The Nine of Wands makes sense as a heightened and more intense version of the Three of Wands. Much like its triune predecessor, the the Nine of Wands is about being out on your own. It’s about being propelled forward, wall of wands at your back. The big difference here is that the Nine of Wands features someone who isn’t just at the start of their journey; it features someone who is deep in the thick of it–or perhaps nearing its end, since we are at the end of the one-to-ten sequence of the suit of Wands in the Minor Arcana. Their bandaged, beaten, and battered look is the look of someone who has endured much, and fought hard over a long, long time. In the Three of Wands, we have the look and stance of someone brimming with persistence and a desire to press forth towards their goal. Here, in the Nine of Wands, we are someone who has had their endurance, perseverance, and will to keep fighting put to the test, pushed to their absolute limits and beyond. As with the other Nines, we face this test to our persistence alone. Nevertheless, I see a quiet confidence and satisfaction in this person’s face: They have weathered the worst of battles (and even seen their fair share of success in the Six of Wands), but they are more than capable of taking on and surviving whatever else is going to come their way.
While we are alone, we are still not beaten: For behind us is a veritable palisade of wands, a wall to shield us against the threats we have encountered on our journey, and a defence against what may come in the future. Standing at the ready with the ninth wand in our hands, we are ready, willing and able to give whoever or whatever comes at us the same ferocious energy seen in the Seven of Wands, combined with the confidence of someone coming out of the Six of Wands. In the Three of Wands, we are new, fresh, and relatively inexperienced; here in the Nine of Wands, we are brimming with hard earned experience and wisdom, which has taught us much along our journey.
Self-reflection, persistence and perseverance are the key words I think of when I see this person standing tall and defiant on the card. It is a reminder that when we are taking our bruises and our lumps for being queer, disabled or racialized–whether they be from random strangers on social media, our own family members, or a valued lover or a trusted friend–the only thing we can do (in lieu of damaging our relationships by aggressively lashing out) is to keep on going. The only way out of some damaging social situations and interactions, is to go through that messy hairball of verbal jousting, bruised egos and triggered feelings. Eventually, this too will pass and we will find the peace we want, or the acceptance we need. Eventually, but not now.
For many ace and aro people, dealing with allosexual society, allosexual culture, and allosexual expectations as someone who is out — to any degree — can feel akin to painting a giant target on one’s back.
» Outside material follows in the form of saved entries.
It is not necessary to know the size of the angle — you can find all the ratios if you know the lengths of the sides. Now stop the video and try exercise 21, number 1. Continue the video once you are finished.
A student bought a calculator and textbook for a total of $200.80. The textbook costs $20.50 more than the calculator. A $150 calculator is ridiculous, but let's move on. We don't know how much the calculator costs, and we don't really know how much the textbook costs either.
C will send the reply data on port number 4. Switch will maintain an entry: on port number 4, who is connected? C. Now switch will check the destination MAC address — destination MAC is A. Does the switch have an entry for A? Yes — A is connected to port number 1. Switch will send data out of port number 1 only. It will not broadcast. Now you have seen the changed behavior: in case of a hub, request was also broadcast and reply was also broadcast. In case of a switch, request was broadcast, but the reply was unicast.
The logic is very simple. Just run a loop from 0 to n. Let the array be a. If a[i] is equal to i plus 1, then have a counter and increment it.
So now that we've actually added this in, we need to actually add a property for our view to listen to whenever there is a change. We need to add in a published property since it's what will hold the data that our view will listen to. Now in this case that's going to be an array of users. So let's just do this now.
Like our comrades in the bi, pan, and Trans community, ace and aro people face a whole litany of microaggressions, including invalidation, gaslighting, prejudice, and discrimination. All of these things, over a long enough timescale and with enough people making poor comments, can be withering and grinding on even the most steadfast of people. And yet, in the face of this (and the high social and mental cost usually paid when trying to react to such people) the only thing left to do is to simply keep fighting. To keep up the struggle. To continue being. To continue moving forward. There will be a time for rest and a time for congratulating oneself later. For now, we have to keep on going; giving up simply isn’t an option.
Giving up is what leads us into the last of the Nines: The Nine of Swords. As a magnification and escalation of a card from the threes, this themes seen here flow from the thematic and numerological origin of this arc, the Three of Swords. A card seen as a harrowing and panic inducing card in its own right. Sure the Six of Swords tells us that leaving our fears and anxieties behind is very possible. But unless we actually face up to and work on their source, they will always remain with us, and come back with an even greater ferocity.
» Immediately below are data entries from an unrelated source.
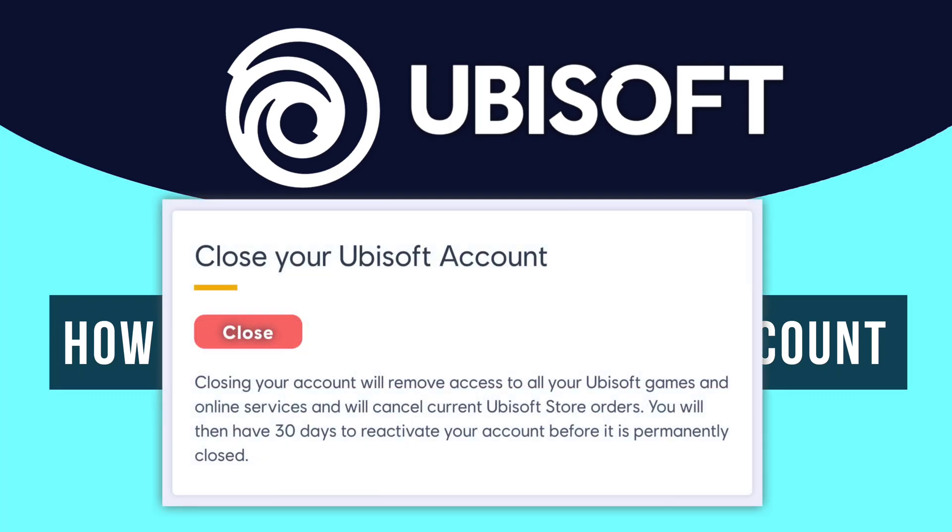According to Ubisoft, once your Ubisoft account gets deleted, you can actually cancel the deletion or closure of your Ubisoft account and you can reactivate it within the next 30 days since the day you deleted your Ubisoft account.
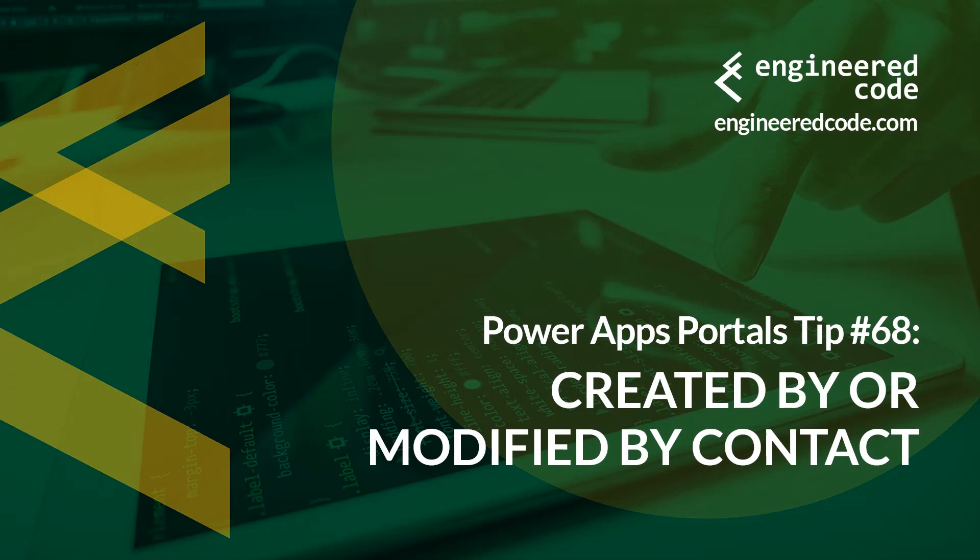I hope you found PowerApps Portals tip number 68, on created by or modified by contact, useful.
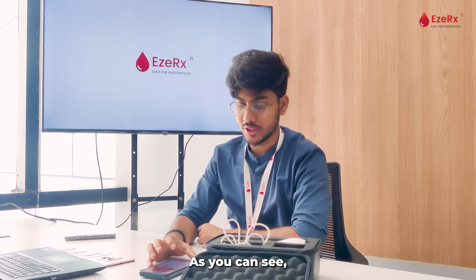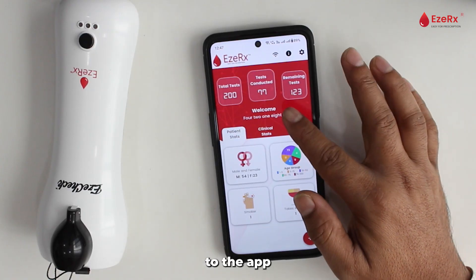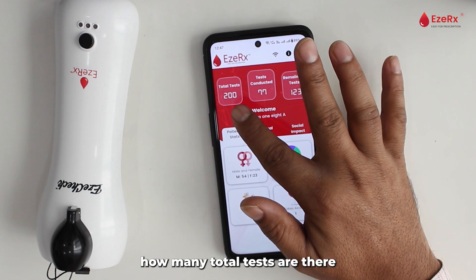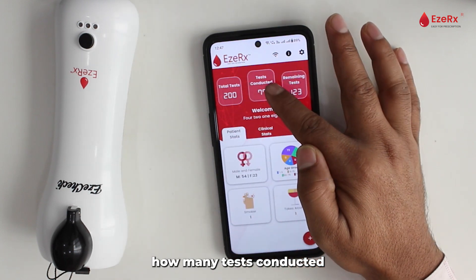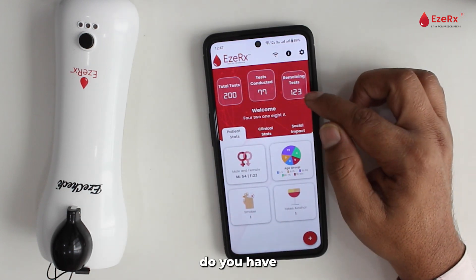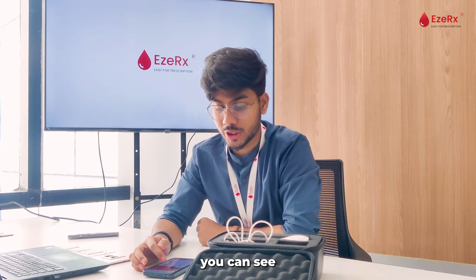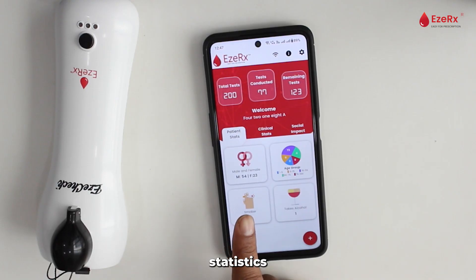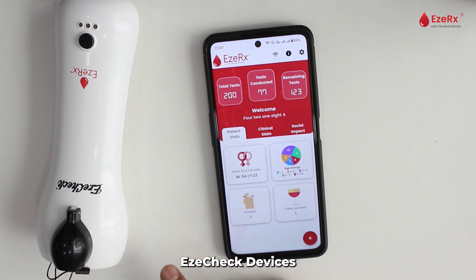As you can see, I have logged in to the app, and I can see how many total tests there are, how many tests have been conducted, and how many remaining tests I have. You can also see the patient statistics, the clinical statistics, and the social impact created by EZ Check devices.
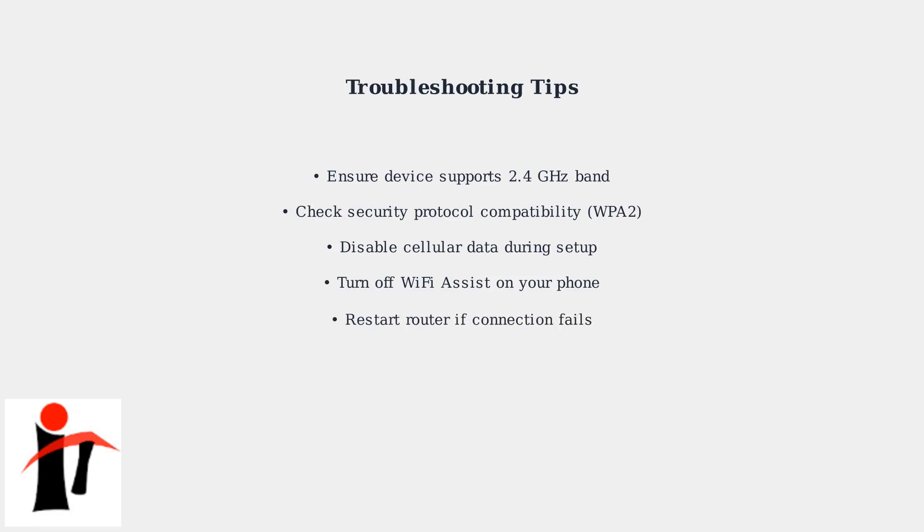If problems persist, try restarting your router. This often resolves temporary connection issues and refreshes the network settings.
At first glance, this card is another example of a scene that potentially doesn’t need a long discussion, because it’s pretty much laid out what this card is all about. It is about panic, and nightmares, insomnia, and the possibility of our worst, most dreaded fears actually being made manifest and coming to pass. But this can happen when we find ourselves in a never ending spiral of overthinkng and overanalyzing. As Aeclectic Tarot says about this card:
“It can be a good thing to find what you seek, except when it comes to ideas, words or problems. Find too many of them and they will overwhelm you especially, as with all the nines, you focus them on yourself.”
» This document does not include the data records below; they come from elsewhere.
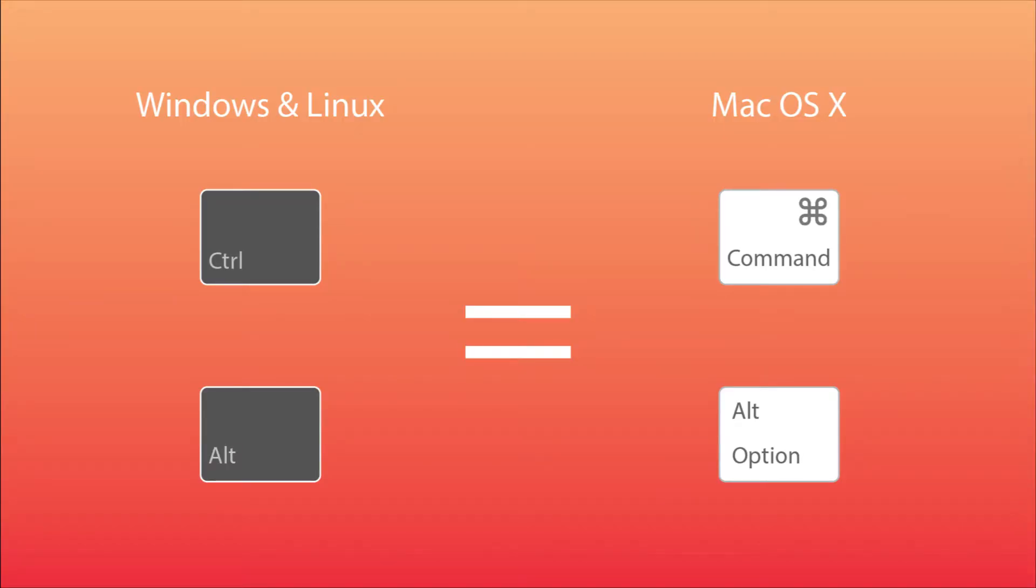For all the hotkey combinations I feature in this video, I'm going to be saying Control and Alt. If you're on a Mac, the keys will be Command and Option, respectively.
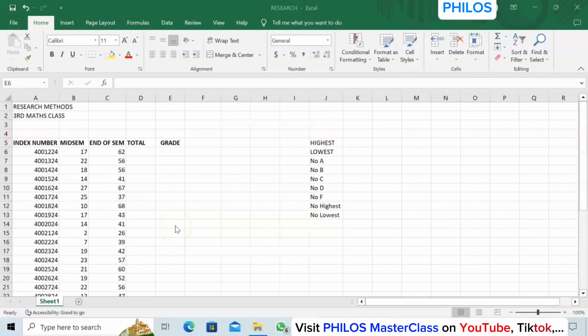Hi, welcome. In this video I'll show you how to use the IF function in Excel to grade students according to A, B, C, D, and F.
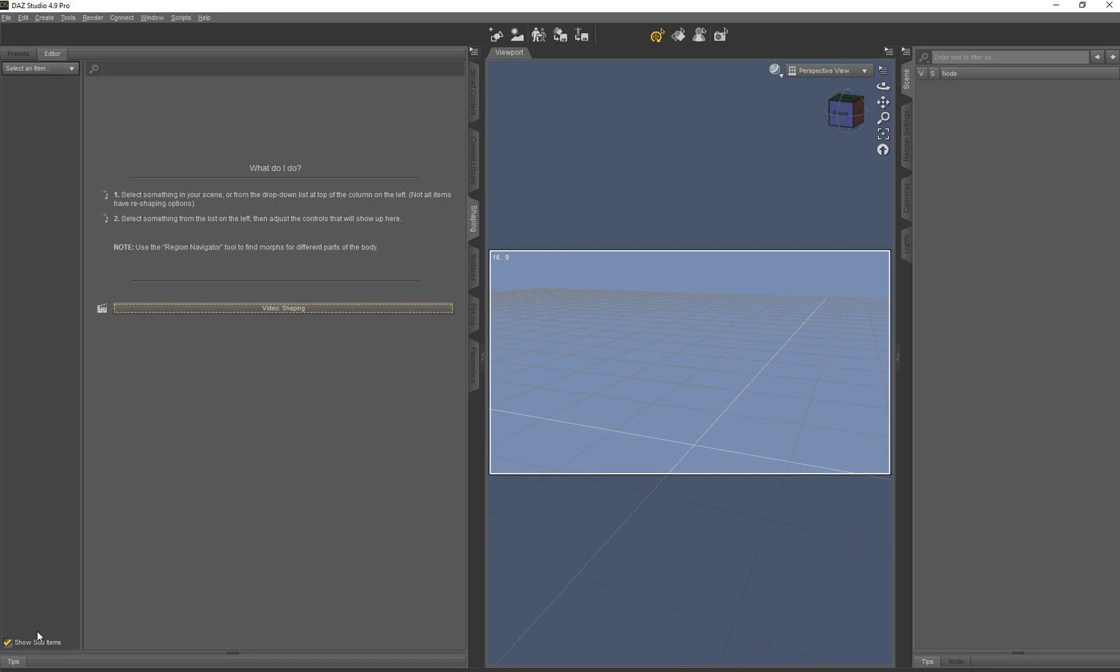Today we have a small tutorial about metadata management in DAZ Studio. As you know, the smart content pane is getting more and more important, especially with the new version 4.9.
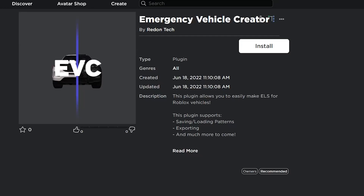Hey there, it's ParkZootooth and welcome back to the 11th take of me trying to record this video. Today we are going to be going over the emergency vehicle creator by Redontech, which is a free plugin to make ELS for your vehicles much faster. Now this plugin is subject to a lot of updates, so if the title of this video says outdated, please check the description or comment section for an updated YouTube video.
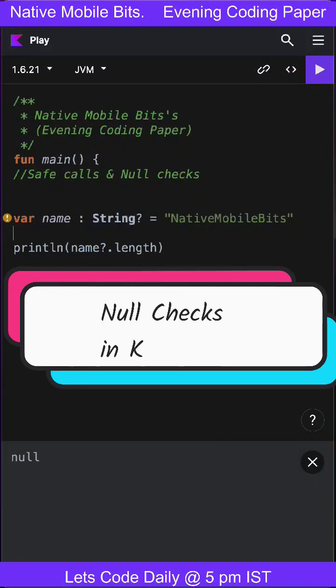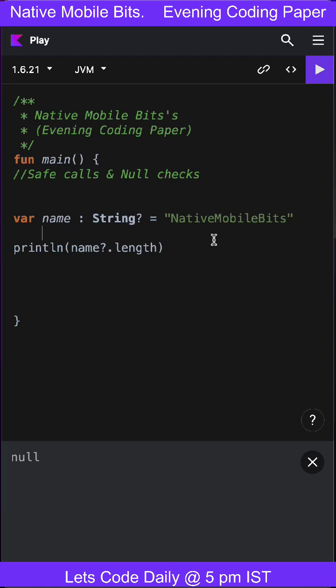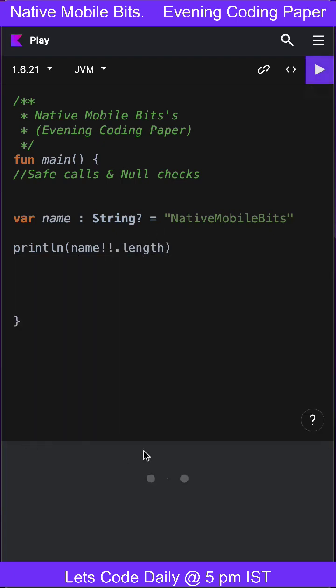For example, let's say we are making a nullable type but not assigning it null. We're sure this will not be null, so instead of using safe calls, we can use two exclamation marks. It will print the length and will not throw any compilation error.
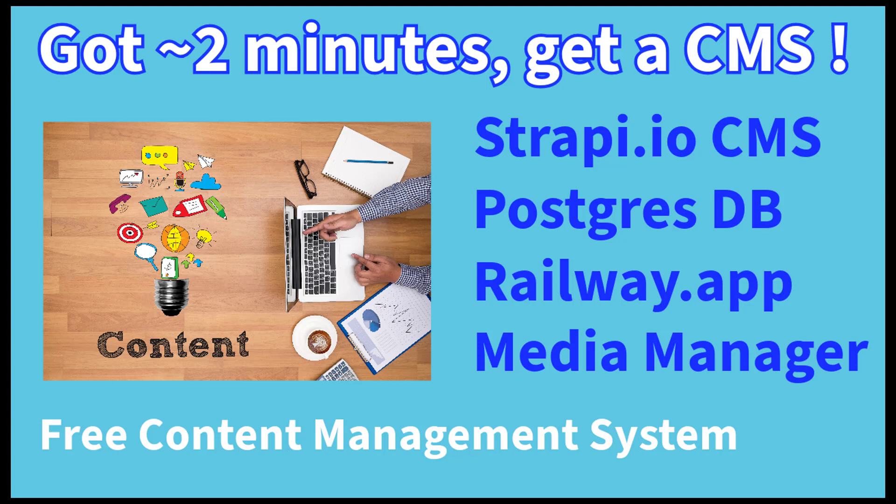Thanks for stopping by to check out this video. If you have a couple minutes, you can get a CMS, a very powerful one, up and running. It's the strapi.io CMS that includes a Postgres database to hold all of the content.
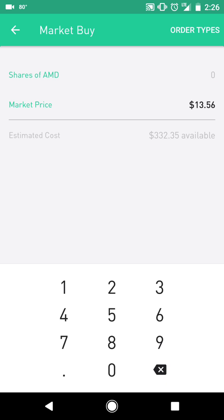Let's say we are trading with a $1,000 account, that would mean our risk shouldn't be more than $10. The difference between $12.14 and $13.56 is $1.42. That being said, I would be looking to buy seven or eight shares in this case for AMD.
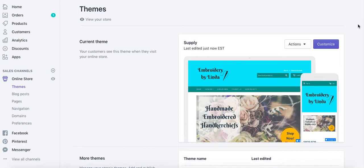With other themes you are also able to do it and enable the same function, but you will need special code. With these particular themes — Supply, Simple, and Minimal — you can do it very easily, and it's such a pleasurable thing to do.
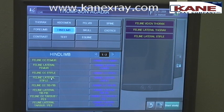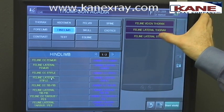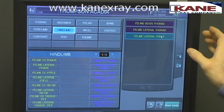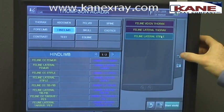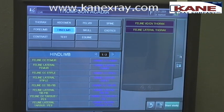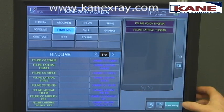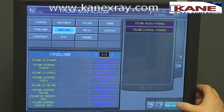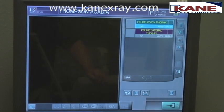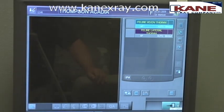If we added the stifle view in error, we could highlight that menu, send it to the trash can, and delete that study. Once we have all of our menus on the screen, we're ready to hit start study and move on to taking x-rays and inserting cassettes.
I find myself really resonating with this, as someone who almost made it a regular habit to stress out about having a Plan B, should Plan A fail. But along with that stress, I put in a huge amount of time and effort into also having a Plan C, D, E and F too — whether I was planning to buying groceries or making lesson plans for my ESL classes, or dealing with my family, I always had my brain turned on, gas pedal continually floored into full fight or flight overdrive, trying to analyze as best it could the fastest way to get to a safe outcome. Obviously this was neither healthy nor sustainable. Clearly, there were some things (or rather, a lot of things) that I could have afforded to let go in all of that overplanning and overanalyzing.
The Nine of Swords basically tells us to get out of our heads and get over ourselves. So maybe we decided to out ourselves as ace or aro to a friend, and they didn’t quite give us the reaction we would have wanted. Maybe they didn’t even give us a reaction or a reply at all. This is one of those moments where some may launch into a spiral of agonizing over what their response (or non-response) meant; instead, in a case like this, we are invited to let that go. Maybe we’re trying to join a new queer or ace or aro-focused activity group or social group, but are once again stuck in fears and anxieties that we are actually not “queer enough”, or “ace enough”, or “aro enough” to join. Maybe we’re afraid of sticking out in a room full of white or able-bodied people. Such fears–as completely and totally valid as they are–may leave us detached and aloof from such settings, or it may be enough to deter us from joining altogether. Or perhaps we are faced with the decision of outing ourselves to a potential dating or activity or social partner. The fear and panic of rejection and aphobic bigotry, on top of racism and ableism is palpable, and real.
And yet, despite its validity, it is a mental space we cannot dwell in forever. Like a dream, we must eventually wake up.
This brings us to the flip side of the imagery of the Nine of Swords: having just woken from out nightmares, we are left cupping our faces in our hands out of the sheer intensity of our dreams. But, at least we have awoken out of the nightmare. In our dreams and in our nightmares, the things which cause us fear and dread — an important or difficult conversation with a partner or family member — are all too-often not nearly as foreboding or as we think they are. Once we get out head out of our hands, we can see these situations for what they really are, and move forward with our lives: Maybe that new queer group or ace group isn’t as exclusionary, or gatekeeping, or aphobic as it once seemed; all it took was for you to put yourself out there socially with the others in the group. Maybe a friend’s aphobia is more borne out of their misunderstanding of your asexuality or aromanticness, and once you have that difficult conversation about your identity, their attitudes and beliefs will come around to be more accepting. Maybe these things could happen — but again, we have to get out of our heads and take action to move forward first.
We have left the dream. Now we have to put what we have learned into our waking life. Time to get out of bed and face the world.